Police Brutality: A Humanitarian Crisis
Louisa Lim, journalist and moderator of the event, said there has been escalating violence during clashes between police and protesters.
“Scenes that were unimaginable until they happened, and still remain unimaginable even after they happened,” Lim said.
For example, one female protester was shot in the right eye with a bean bag round, likely by police, which penetrated through her goggles.
HK Riot Police fired bullet and headshot a young lady. I am not sure whether her right eye will turn blind or not but it is totally insane and terrible. US should not export tear gas and rubber bullet to HK Police anymore. pic.twitter.com/R9gZKZysaO
— Joshua Wong 黃之鋒 (@joshuawongcf) August 11, 2019
Hong Kong police have frequently fired tear gas and rubber bullets, in ways that violate international norms, such as firing them in enclosed areas or at close range. Protesters have devised ways to extinguish the tear gas by pouring water on it, or by using traffic cones.

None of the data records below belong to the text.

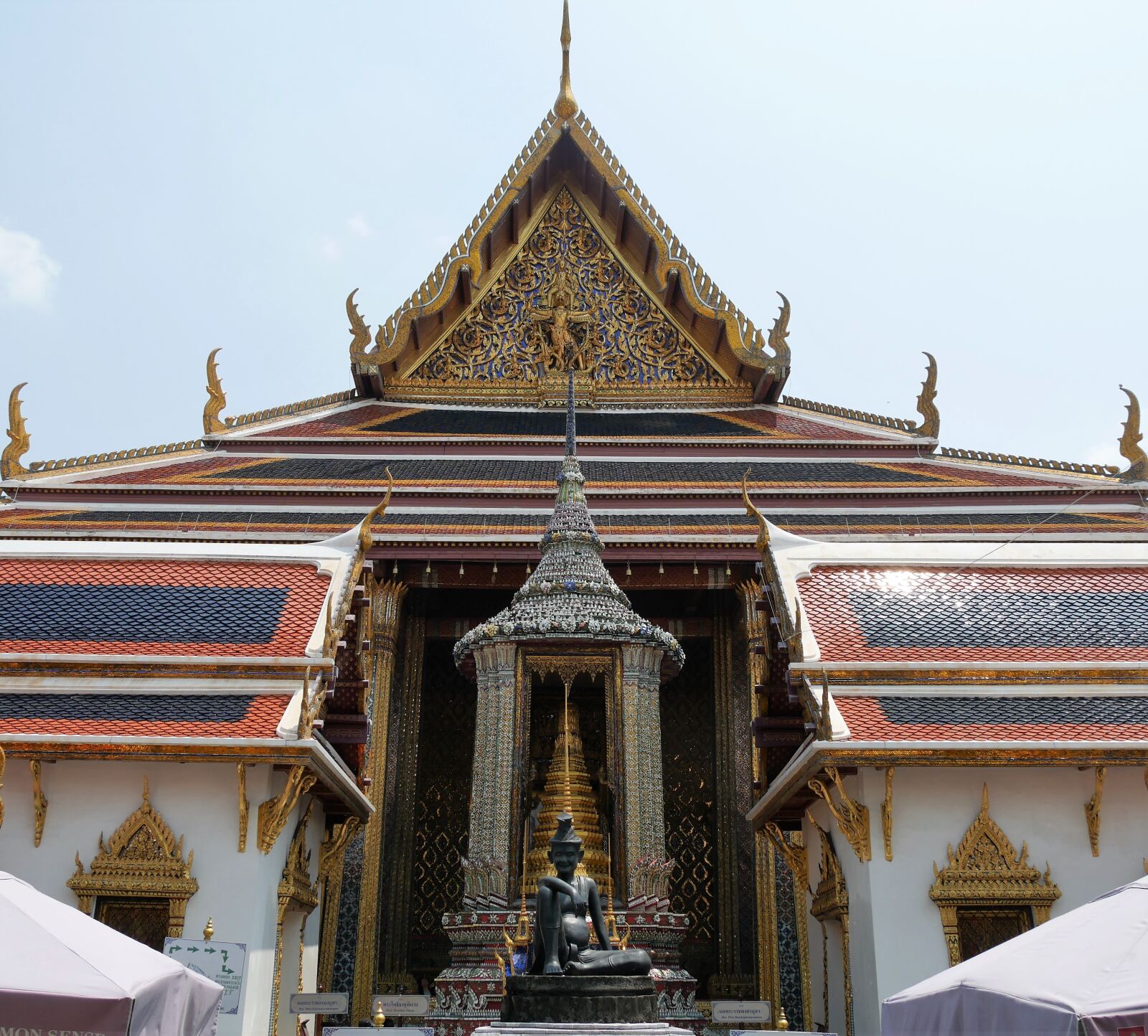 Panasonic DMC-G70 sample photo. Asia, thailand, bangkok photography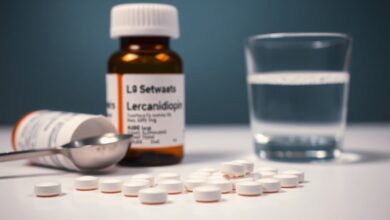 Lercanidipin: Wirkung, Dosierung und Nebenwirkungen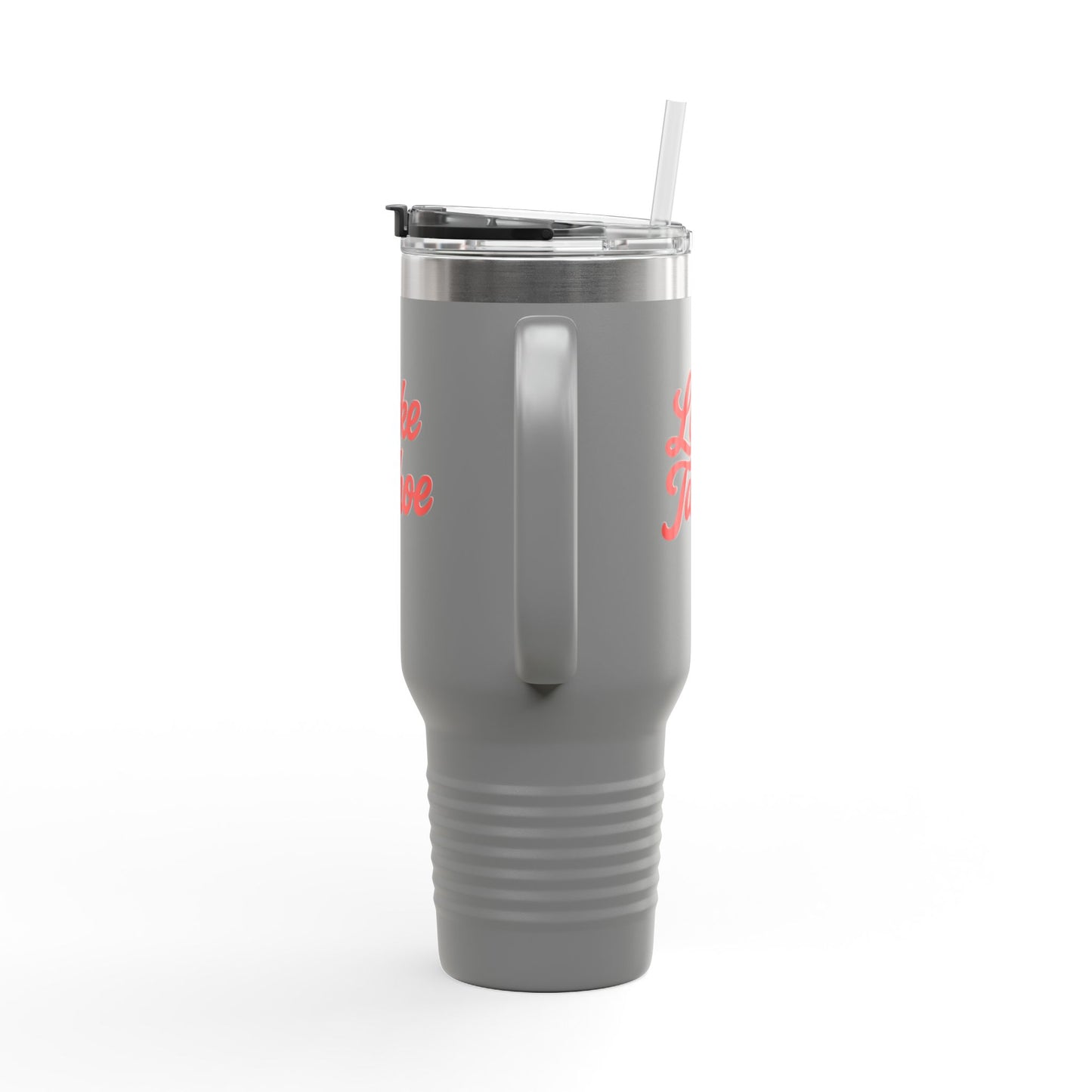 Lake Tahoe Insulated Travel Mug - Perfect for Outdoor Adventures, Road Trips, Holidays, Escapes, Camping Gear, Hydration on-the-go
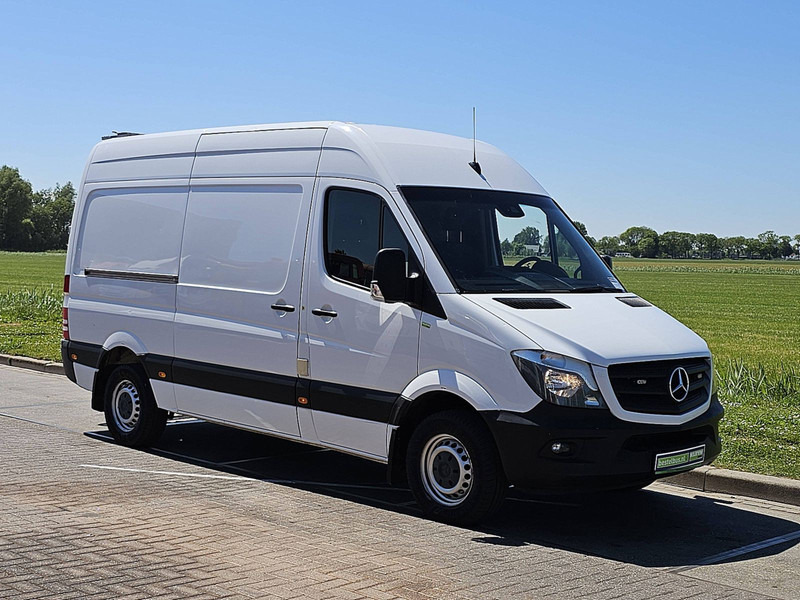 Mercedes-Benz Sprinter 316 L2H2 3.5T-Trekhaak! - Цельнометаллический фургон: фото 5 Mercedes-Benz Sprinter 316 L2H2 3.5T-Trekhaak! - Цельнометаллический фургон: фото 5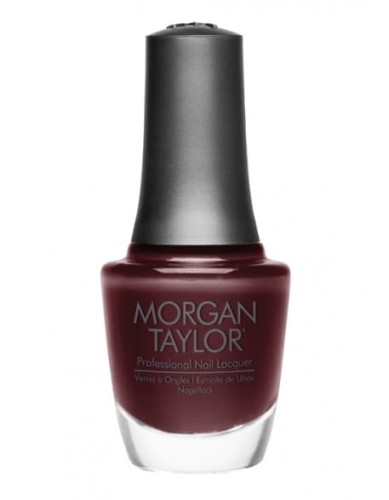 Lakier Morgan Taylor Gifted With Style Collection 15ml - A Little Naughty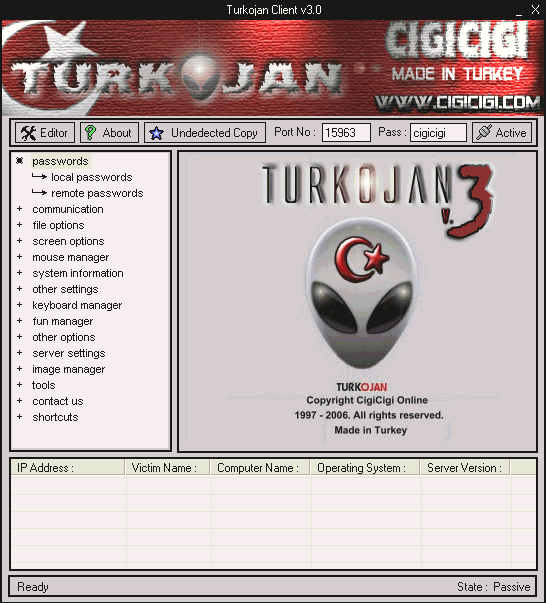 Turkojan 3.0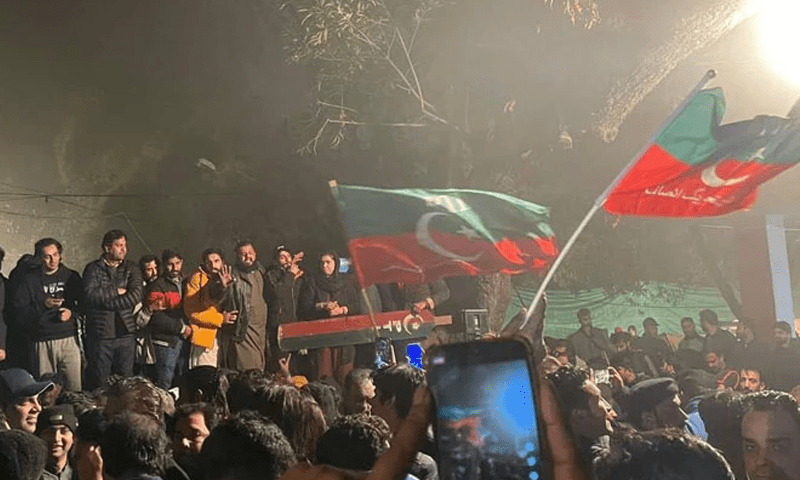 Police plans crackdown on PTI financing in Lahore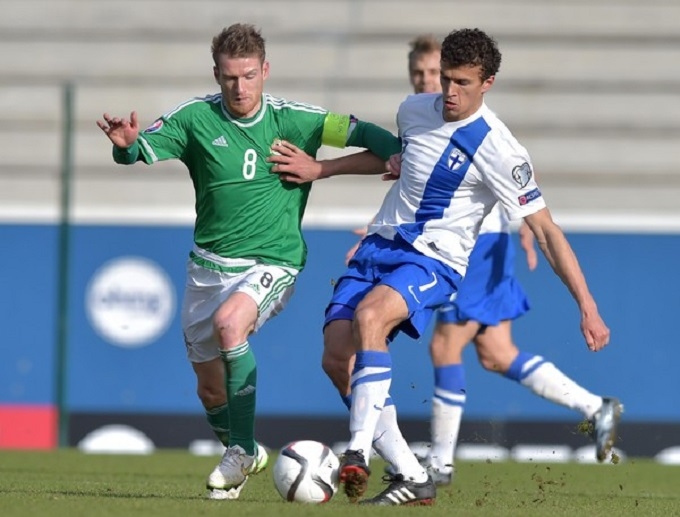 Phần Lan vs Estonia: Quyết tâm cao độ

Lim added: “A new low came this weekend—the first time we saw riot police using water cannons and blue dye to spray protesters. We saw riot police beating people on an MTR [Hong Kong’s subway authority] train. Nine political leaders arrested including [activist] Joshua Wong, and elected legislators.”

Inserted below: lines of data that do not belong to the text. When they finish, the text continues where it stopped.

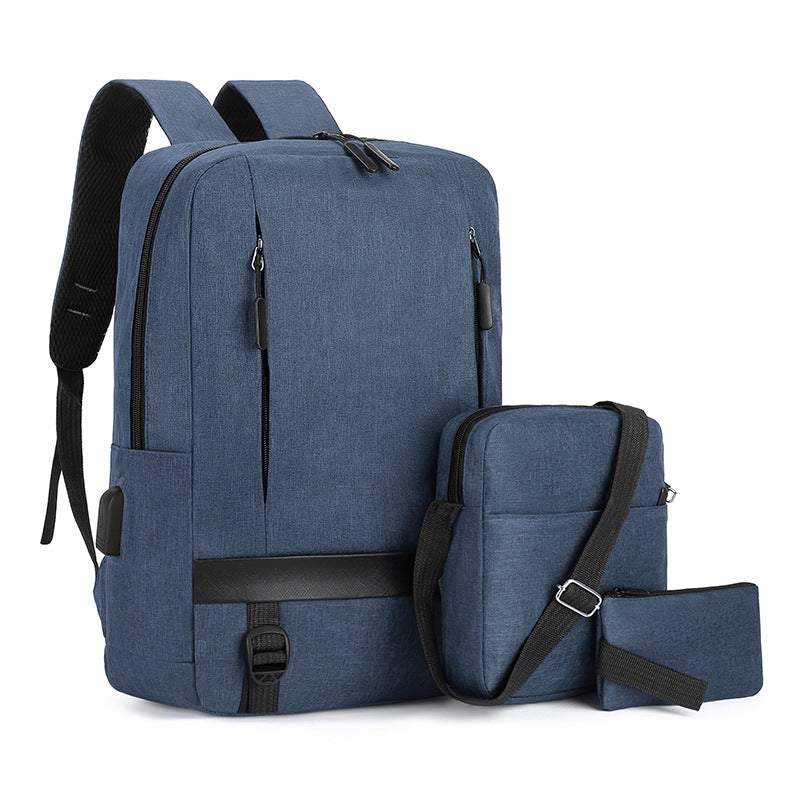 Versatile Backpack and Pouch Set Bowlift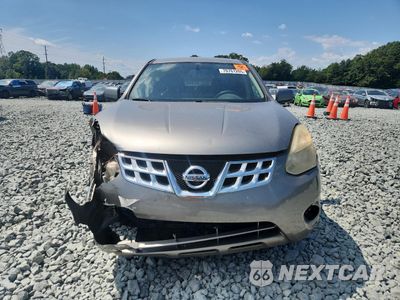 Piąte zdjęcie samochodu w środku: 2013 NISSAN ROGUE S VIN:JN8AS5MT5DW037049 - miniatura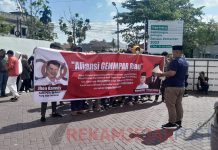 Diduga Selingkuh,!!! GEMMPAR Riau Mendesak Ketua DPD Partai Gerindra Prov Riau Untuk Memecat Jhon Kanedy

According to reports, on Aug. 31, Hong Kong police fired water cannons that unleashed blue-dyed water; the blue-dye is traditionally used to make it easier for police to identify protesters.
“So we at the moment are in face of a humanitarian crisis, where the police are doing whatever they want with the people,” Ho said.

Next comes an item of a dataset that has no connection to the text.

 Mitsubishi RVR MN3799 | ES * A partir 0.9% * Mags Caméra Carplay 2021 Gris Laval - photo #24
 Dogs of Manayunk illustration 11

Badiucao, a Chinese political cartoonist living in Melbourne, spoke of how the events in Hong Kong have moved him deeply and inspired many of his art pieces.
“Artists should be watchdogs in this society. It tells people that ‘yes, we can achieve something, not just in the image, but also in the reality,’” he said.
Initially anonymous, Badiucao now uses his art to challenge the censorship and dictatorship of the Chinese regime.
“I’m from mainland. And I do see Hong Kong as a beacon for democracy and freedom, not just for itself. But also for the entire China.”
Badiucao addressed pro-Beijing students in the audience and said: “I want to tell you, brother and sister, I come from your position. If you open your eyes, you will change your view. And you will find, actually the Hongkongers, the people around the world, love you the most. Because if Hong Kong can trigger the freedom of China, it’s a blessing for every one of us.”
Clive Hamilton, Professor of Public Ethics at Charles Sturt University, added that the Hong Kong protests have played an inspirational role for people around the world who are trying to understand and respond to Beijing’s influence operations, which seek to spread its agenda overseas.
Was on stage with @hoccgoomusic @badiucao and @CliveCHamilton when the extradition bill’s withdrawal was announced. Too little, too late, said @hoccgoomusic. She also said HK is already a police state pic.twitter.com/g2fIXp8JFh
— Louisa Lim (@limlouisa) September 4, 2019
“The world has been here before, the world has seen the rise of tyrannies, and for people in countries like Australia, we have a choice. How do we respond to a new and powerful and increasingly brutal tyranny?
“The Hong Kong protests really are of the world historical importance,” Hamilton said.
Speaking to reporters after the event, Ho commented on what would be the next steps for protesters. She said of Lam’s bill withdrawal, which came three months after mass protests against the bill first began: “We do not consider this as any kind of victory. This is still a very critical situation in Hong Kong. We want the world to understand we remain in crisis.”